Directions: Beginning with the line containing "this 800×450 image.", transcribe every line exactly down to the last one in the records below, and drop the pictures.

Data supplied:

[Start of Attachment]

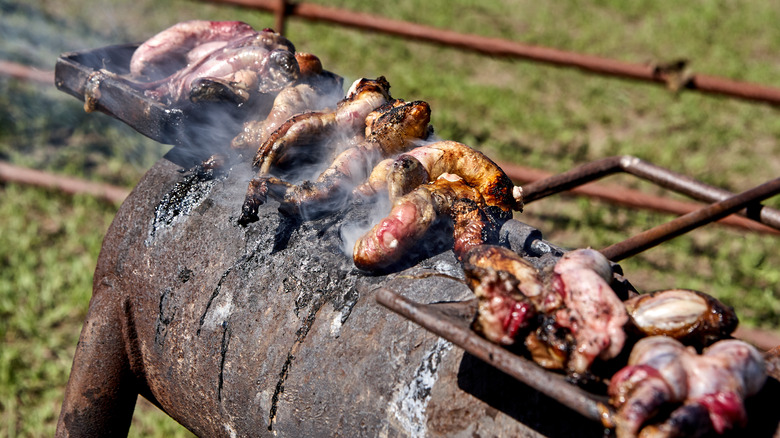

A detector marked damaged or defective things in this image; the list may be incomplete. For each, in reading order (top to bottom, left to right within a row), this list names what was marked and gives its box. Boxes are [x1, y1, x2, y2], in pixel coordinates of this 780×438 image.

rusty metal rod [203, 0, 780, 106]
rusty pipe [203, 0, 780, 106]
rusty metal rod [520, 155, 780, 231]
rusty pipe [520, 157, 780, 233]
rusty metal rod [600, 177, 780, 262]
rusty pipe [600, 177, 780, 262]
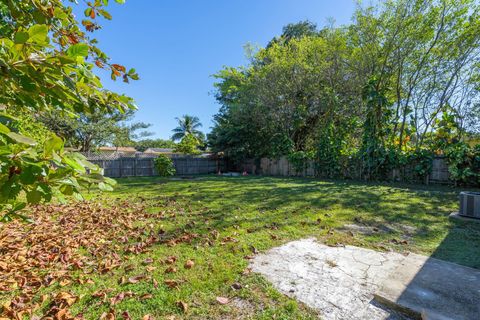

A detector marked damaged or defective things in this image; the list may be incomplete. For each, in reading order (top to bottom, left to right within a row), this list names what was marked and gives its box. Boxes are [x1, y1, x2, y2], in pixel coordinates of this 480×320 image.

cracked concrete patio [249, 238, 480, 320]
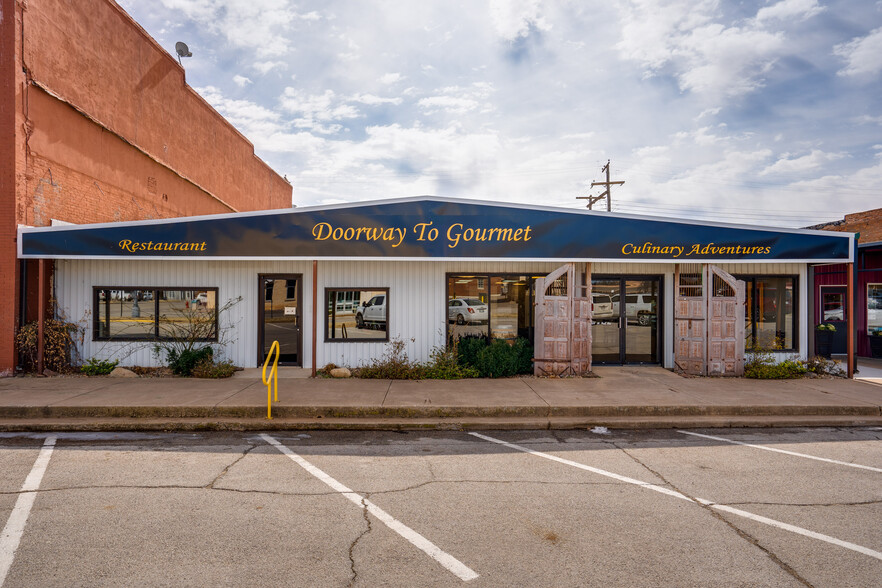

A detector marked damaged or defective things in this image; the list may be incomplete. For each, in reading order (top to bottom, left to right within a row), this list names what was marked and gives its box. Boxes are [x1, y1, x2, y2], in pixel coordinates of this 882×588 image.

cracked pavement [1, 428, 880, 588]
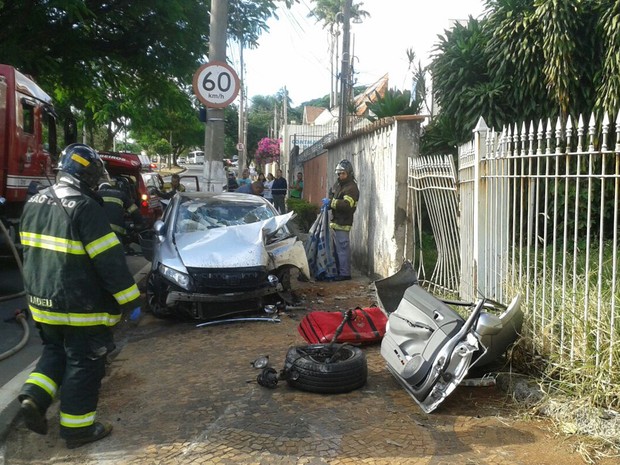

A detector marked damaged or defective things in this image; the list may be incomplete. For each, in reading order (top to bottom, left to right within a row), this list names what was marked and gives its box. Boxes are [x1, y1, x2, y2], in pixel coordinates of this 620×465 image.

crashed silver car [141, 191, 310, 320]
damaged car hood [172, 211, 294, 266]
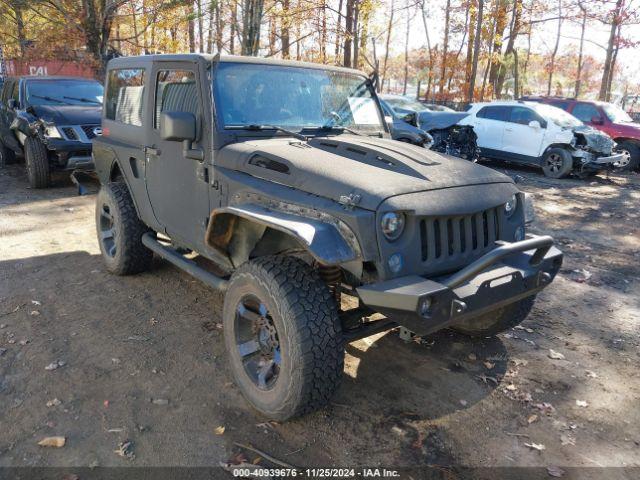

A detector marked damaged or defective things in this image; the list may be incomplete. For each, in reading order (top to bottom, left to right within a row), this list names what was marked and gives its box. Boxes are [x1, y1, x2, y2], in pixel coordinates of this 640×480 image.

damaged white car [458, 101, 628, 178]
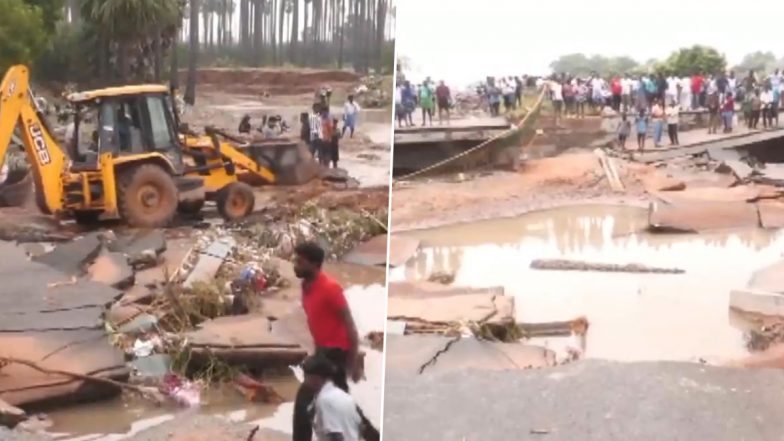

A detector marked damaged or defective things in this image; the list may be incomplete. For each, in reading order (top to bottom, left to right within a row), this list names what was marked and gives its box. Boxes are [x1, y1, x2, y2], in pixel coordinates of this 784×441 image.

broken concrete slab [648, 200, 760, 232]
broken concrete slab [756, 199, 784, 227]
broken concrete slab [33, 232, 104, 274]
broken concrete slab [88, 251, 134, 288]
broken concrete slab [184, 237, 236, 288]
broken concrete slab [748, 260, 784, 294]
broken concrete slab [724, 288, 784, 316]
broken concrete slab [0, 328, 129, 408]
broken concrete slab [186, 312, 306, 368]
broken concrete slab [422, 338, 556, 372]
cracked asphalt [382, 360, 784, 438]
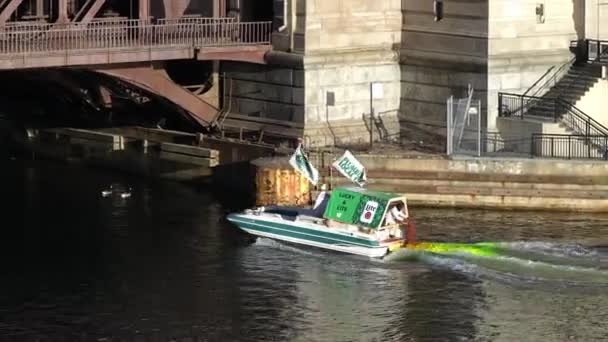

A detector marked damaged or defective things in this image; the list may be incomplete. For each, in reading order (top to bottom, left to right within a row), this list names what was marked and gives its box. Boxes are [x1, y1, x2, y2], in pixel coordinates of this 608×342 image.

rusted steel beam [0, 0, 25, 24]
rusty barrel [252, 157, 312, 206]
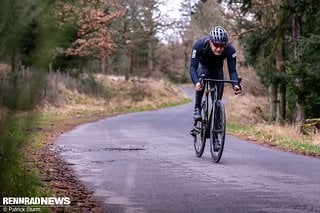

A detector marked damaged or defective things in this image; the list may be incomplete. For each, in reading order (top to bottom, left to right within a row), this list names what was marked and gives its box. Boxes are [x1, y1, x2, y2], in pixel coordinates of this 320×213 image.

cracked asphalt [54, 87, 320, 212]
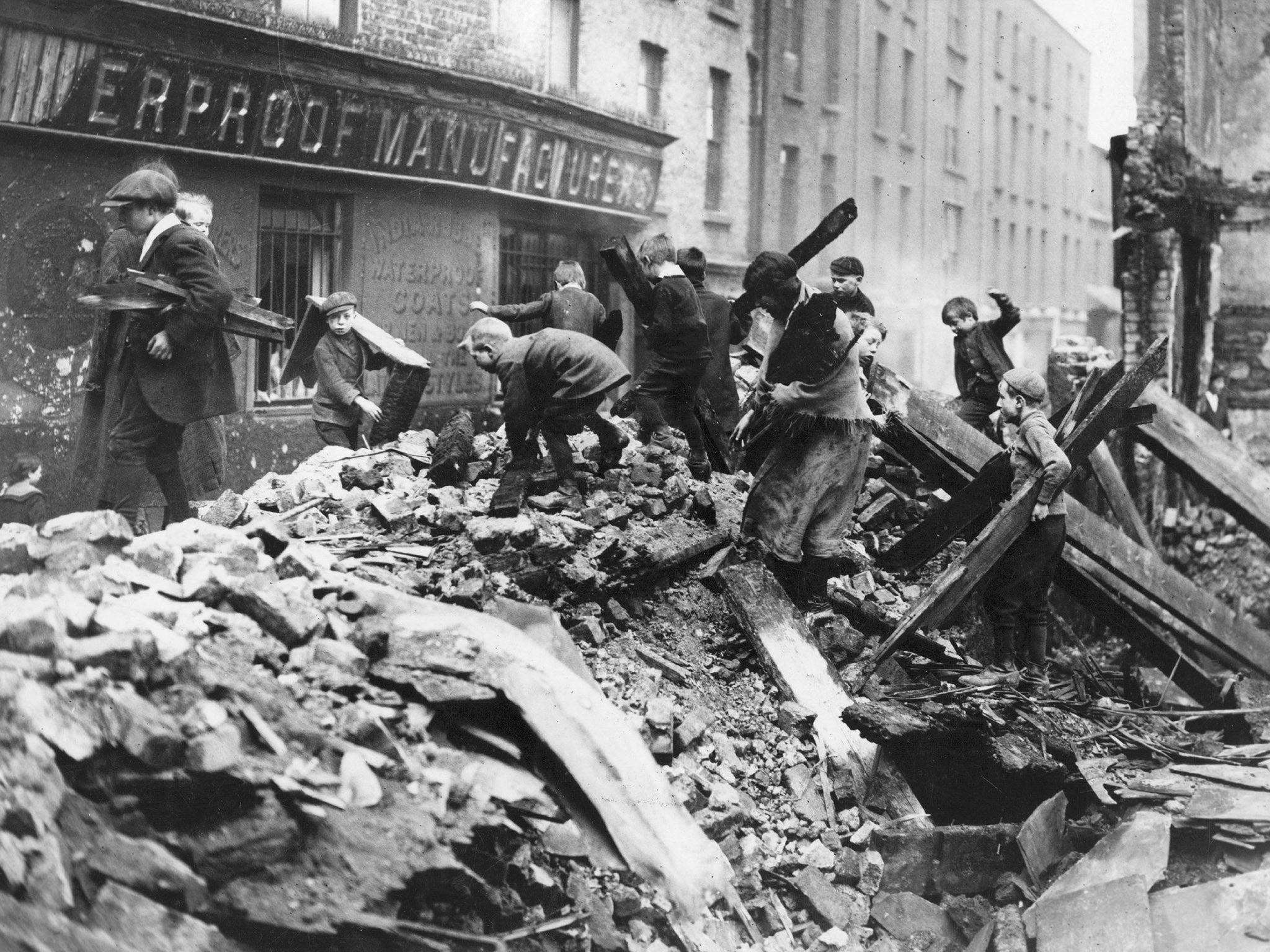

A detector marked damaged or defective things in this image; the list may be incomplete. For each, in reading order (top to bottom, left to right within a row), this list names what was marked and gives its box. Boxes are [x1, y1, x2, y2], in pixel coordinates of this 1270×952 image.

torn clothing [310, 332, 389, 426]
torn clothing [484, 283, 608, 337]
torn clothing [496, 330, 635, 451]
broken timber [603, 234, 734, 471]
torn clothing [744, 426, 873, 565]
torn clothing [952, 301, 1022, 397]
splintered plank [873, 337, 1171, 664]
broken timber [873, 335, 1171, 669]
torn clothing [1012, 407, 1072, 516]
splintered plank [1086, 441, 1156, 555]
broken timber [1136, 377, 1270, 543]
splintered plank [1136, 379, 1270, 543]
broken timber [719, 560, 928, 823]
splintered plank [719, 560, 928, 823]
splintered plank [1151, 873, 1270, 952]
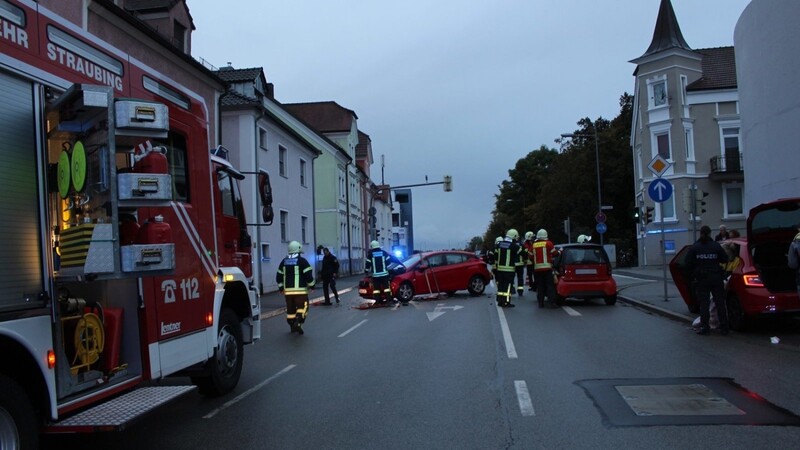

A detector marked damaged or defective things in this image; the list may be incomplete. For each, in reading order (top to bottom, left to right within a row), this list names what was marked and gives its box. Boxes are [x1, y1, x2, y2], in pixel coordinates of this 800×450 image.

damaged red car [668, 198, 800, 330]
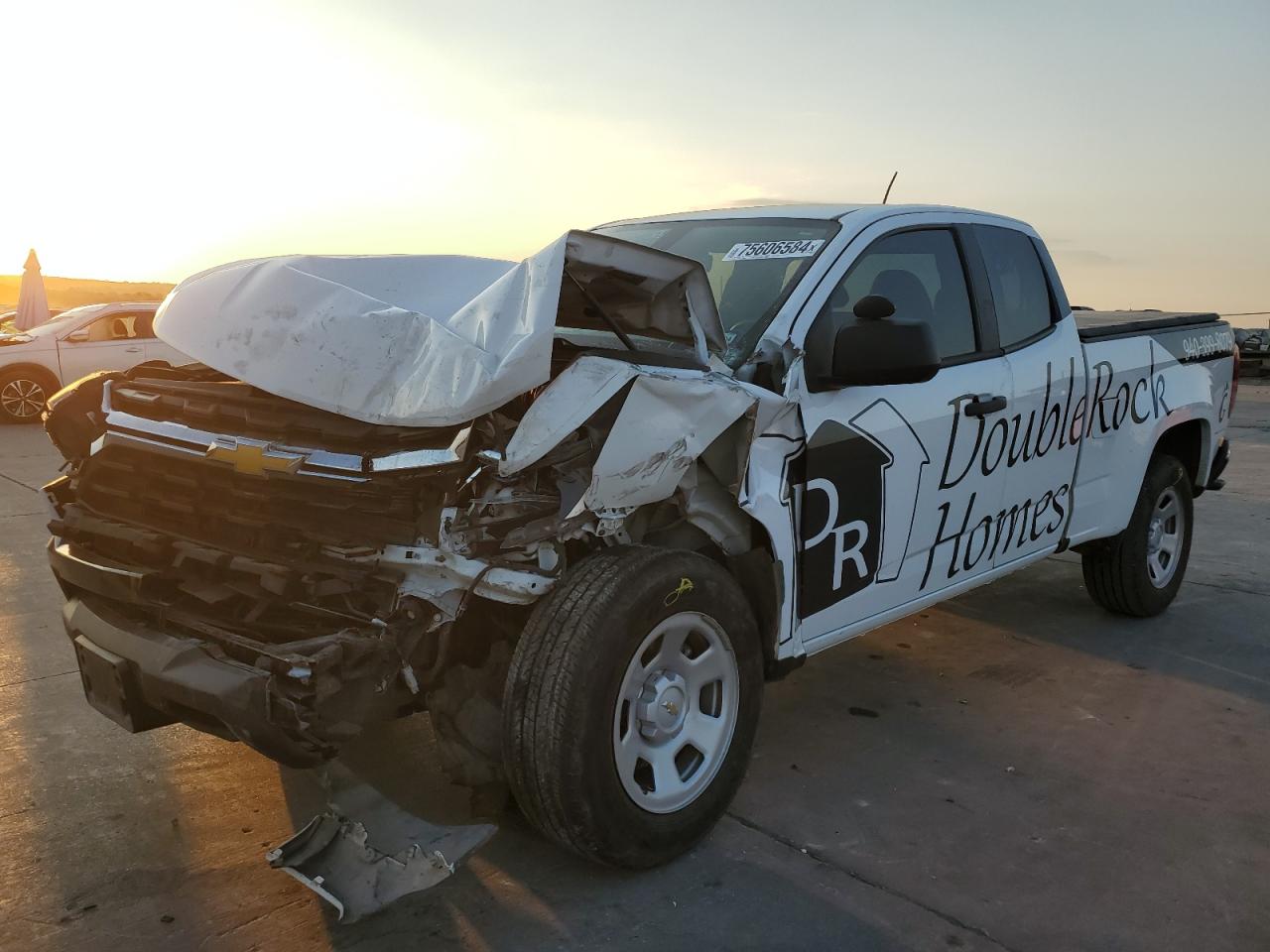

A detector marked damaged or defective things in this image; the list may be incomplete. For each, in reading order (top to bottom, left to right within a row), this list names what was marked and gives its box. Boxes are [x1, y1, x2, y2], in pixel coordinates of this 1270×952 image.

crushed hood [154, 229, 722, 426]
shattered windshield [591, 216, 837, 365]
wrecked chevrolet colorado [45, 204, 1238, 881]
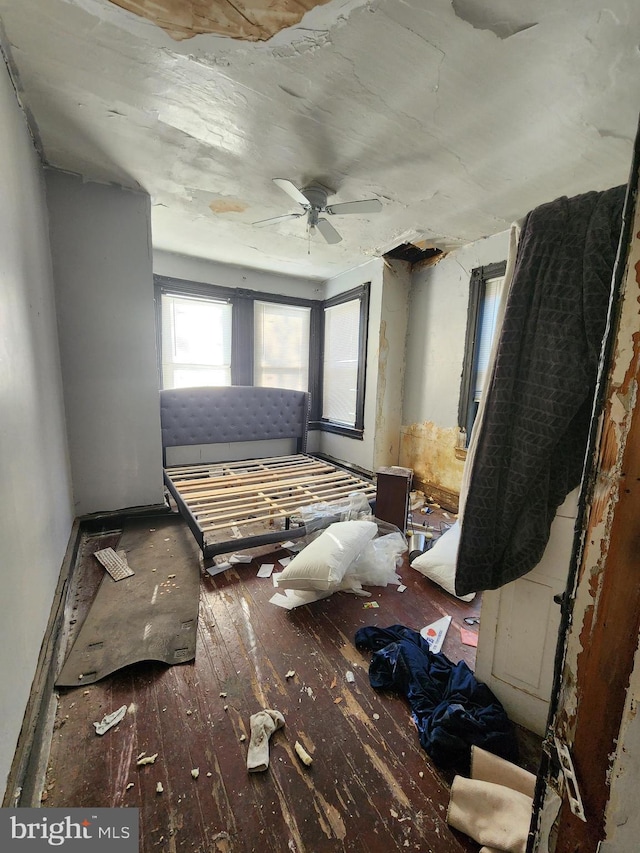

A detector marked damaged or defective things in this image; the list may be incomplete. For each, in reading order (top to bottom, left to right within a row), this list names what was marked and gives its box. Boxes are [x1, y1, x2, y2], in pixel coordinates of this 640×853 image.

peeling ceiling paint [107, 0, 332, 42]
damaged plaster wall [108, 0, 332, 42]
peeling ceiling paint [0, 0, 636, 276]
damaged plaster wall [0, 61, 74, 800]
damaged plaster wall [400, 230, 510, 502]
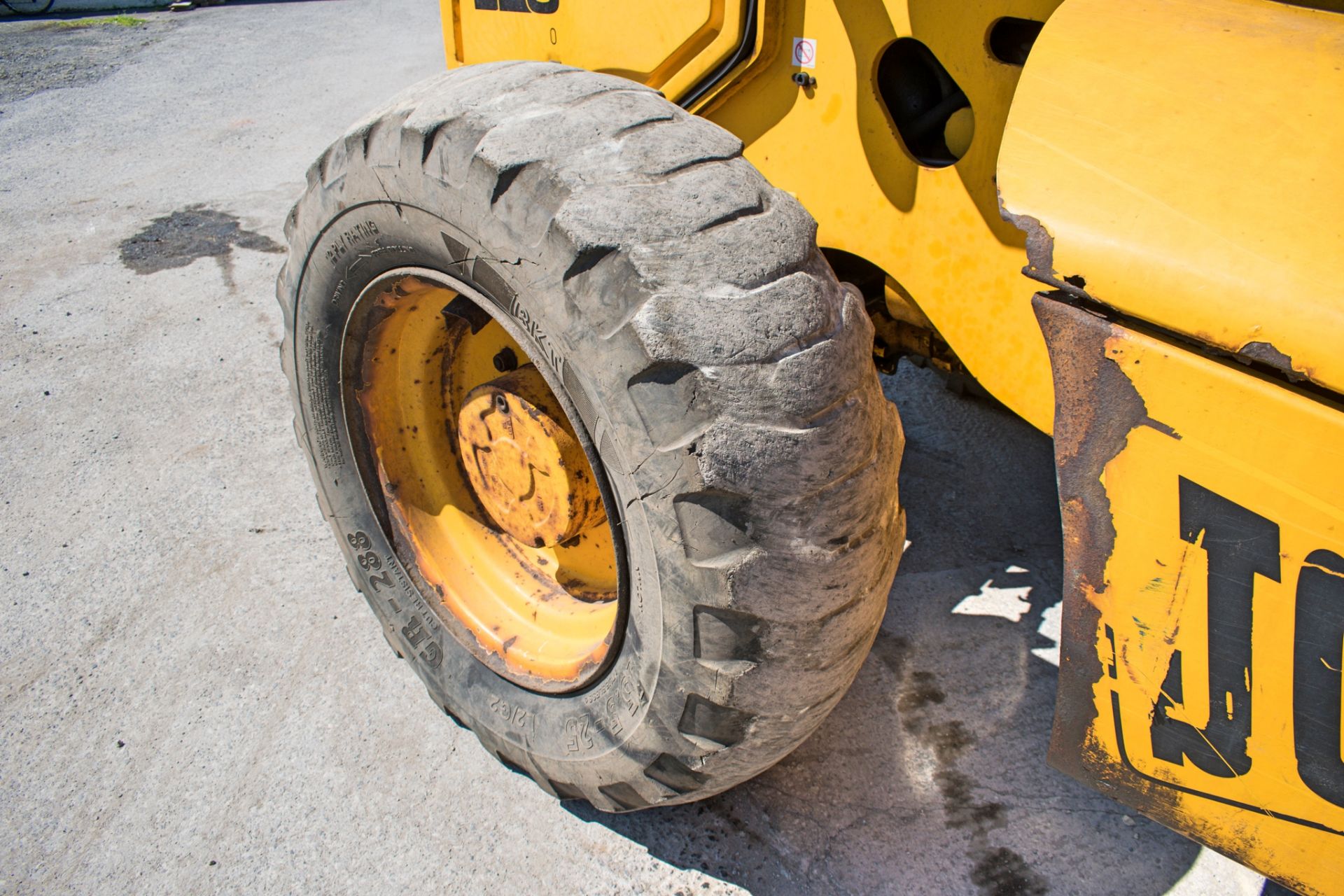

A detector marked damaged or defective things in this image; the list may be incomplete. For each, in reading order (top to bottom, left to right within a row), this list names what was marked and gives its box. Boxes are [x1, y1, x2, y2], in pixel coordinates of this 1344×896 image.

rusty yellow wheel rim [354, 273, 622, 694]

[End of Attachment]

Exercise solution:
A detector marked damaged or defective things in this image; the list may be incomplete. For each, in reading order (top to bottom, left to right within a row), this list names what was marked and gives its box. Boxes are [x1, y1, x2, y2], in pixel coordinates of this 800×450 image.

damaged red car [668, 198, 800, 330]

A detector marked damaged or defective things in this image; the list may be incomplete. For each, in reading order (top to bottom, left to right within a row), this list names what was marked and gives its box. Boxes are [x1, y1, x2, y2], in pixel coordinates of this 1270×952 image.

crushed hood [154, 229, 722, 426]
shattered windshield [591, 216, 837, 365]
wrecked chevrolet colorado [45, 204, 1238, 881]

A detector marked damaged or defective things in this image; the list may be incomplete. For each, in reading order (top to bottom, left to right within a row), this list names what was marked and gives its box. Boxes are [x1, y1, x2, y2], in pixel coordinates of this 640×853 image.

peeling ceiling paint [107, 0, 332, 42]
damaged plaster wall [108, 0, 332, 42]
peeling ceiling paint [0, 0, 636, 276]
damaged plaster wall [0, 61, 74, 800]
damaged plaster wall [400, 230, 510, 502]

A detector marked damaged or defective things in this image; the list may be incomplete. For each, in reading order (top to bottom, left to right within a row), this list names what was marked and gives its box. Boxes are [x1, y1, x2, y2], in pixel coordinates of this 1344×896 image.

rusty yellow wheel rim [354, 273, 622, 694]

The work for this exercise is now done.